Record set
.....
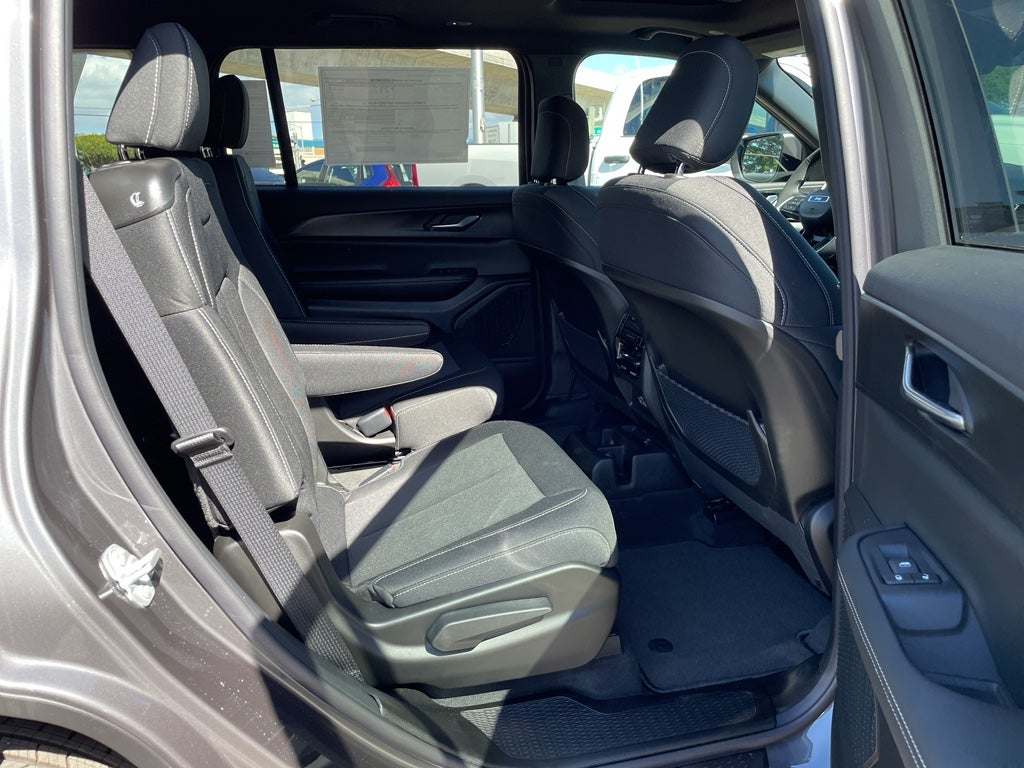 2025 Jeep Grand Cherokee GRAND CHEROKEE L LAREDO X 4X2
.....
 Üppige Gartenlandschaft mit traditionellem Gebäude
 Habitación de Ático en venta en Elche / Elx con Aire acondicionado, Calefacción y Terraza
.....
Exercise description
Return exactly the lines above from the line that has "Üppige Gartenlandschaft mit" through the line that has "Habitación de Ático", inclusive, and nothing else.

Response to this task
 Üppige Gartenlandschaft mit traditionellem Gebäude
 Habitación de Ático en venta en Elche / Elx con Aire acondicionado, Calefacción y Terraza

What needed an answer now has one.